* What to work on
Transcribe the listing exactly; drop the images.

* Provided data
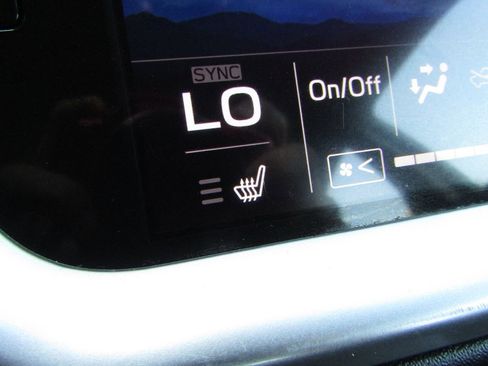 Used 2020 Subaru Legacy Premium image 17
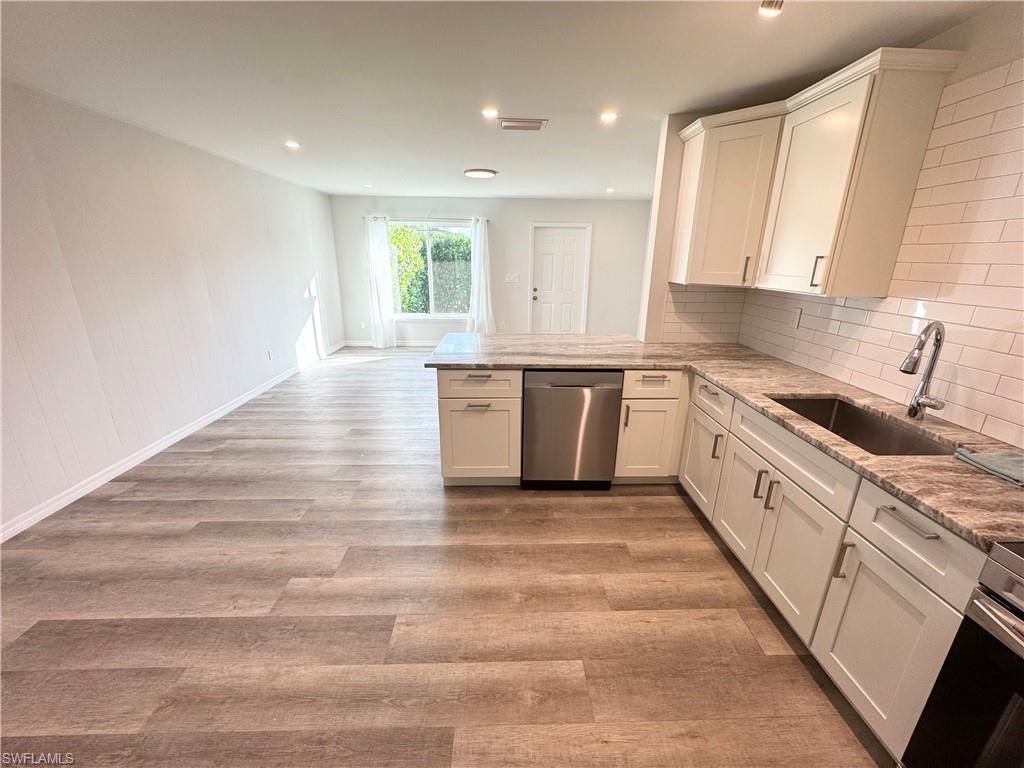 3181 Poinciana DR, Naples, FL 34105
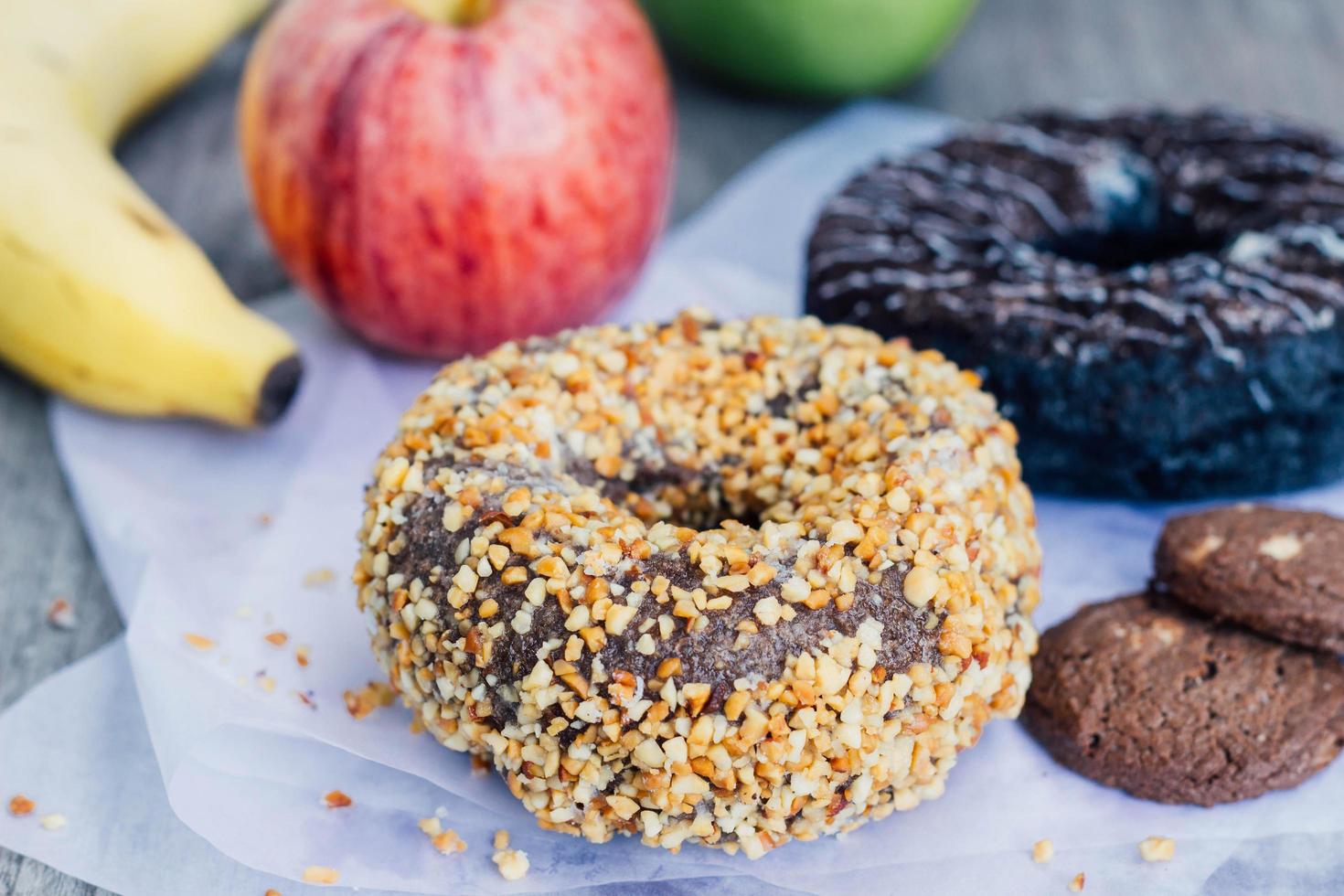 donuts con galletas y manzana foto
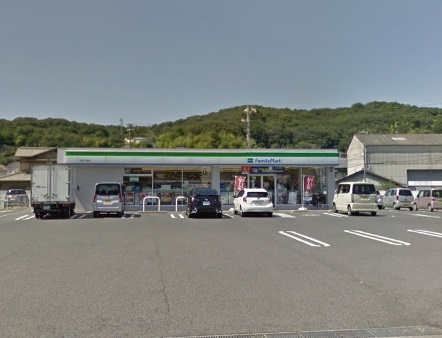 コンビニ　ファミリーマート（コンビニ）まで1025m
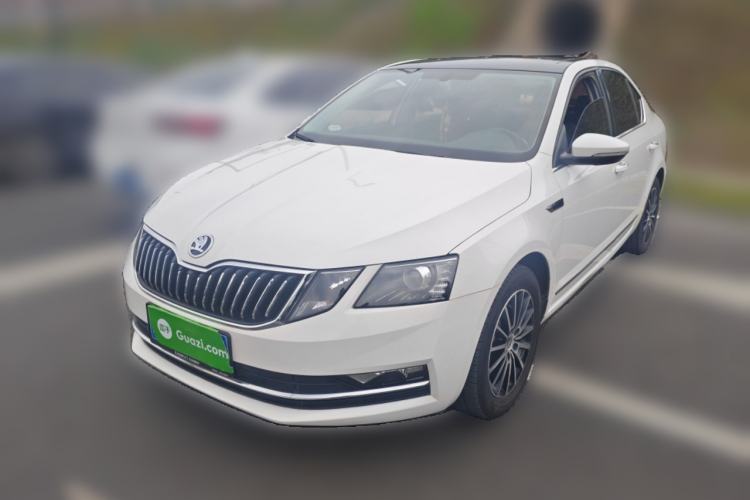 Used Skoda Octavia 2018 1.6L Automatic Luxury Edition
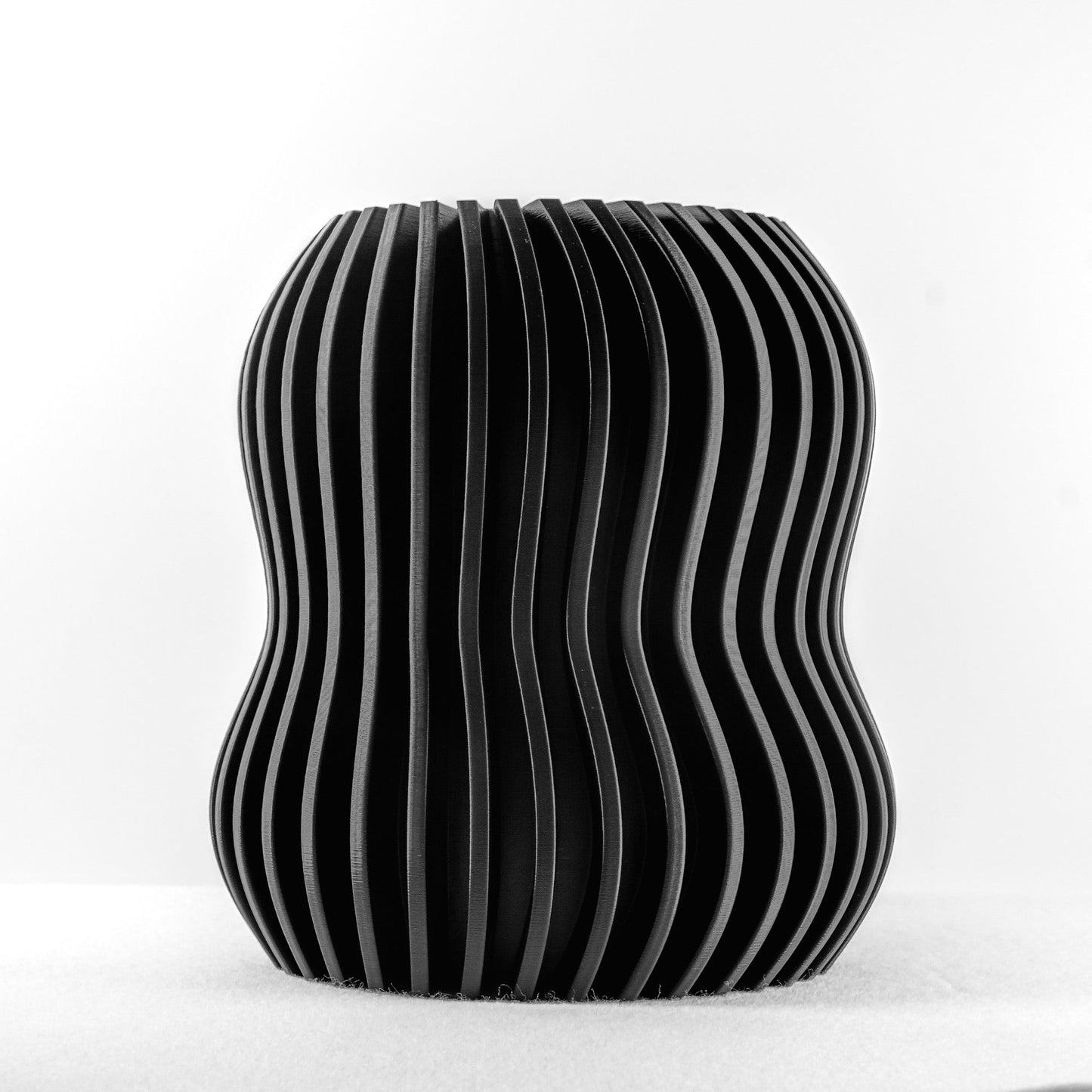 CADRE Vase - Rosebud HomeGoods Black Small MODERN HOME GOOD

* Result of this exercise
 Used 2020 Subaru Legacy Premium image 17
 3181 Poinciana DR, Naples, FL 34105
 donuts con galletas y manzana foto
 コンビニ　ファミリーマート（コンビニ）まで1025m
 Used Skoda Octavia 2018 1.6L Automatic Luxury Edition
 CADRE Vase - Rosebud HomeGoods Black Small MODERN HOME GOOD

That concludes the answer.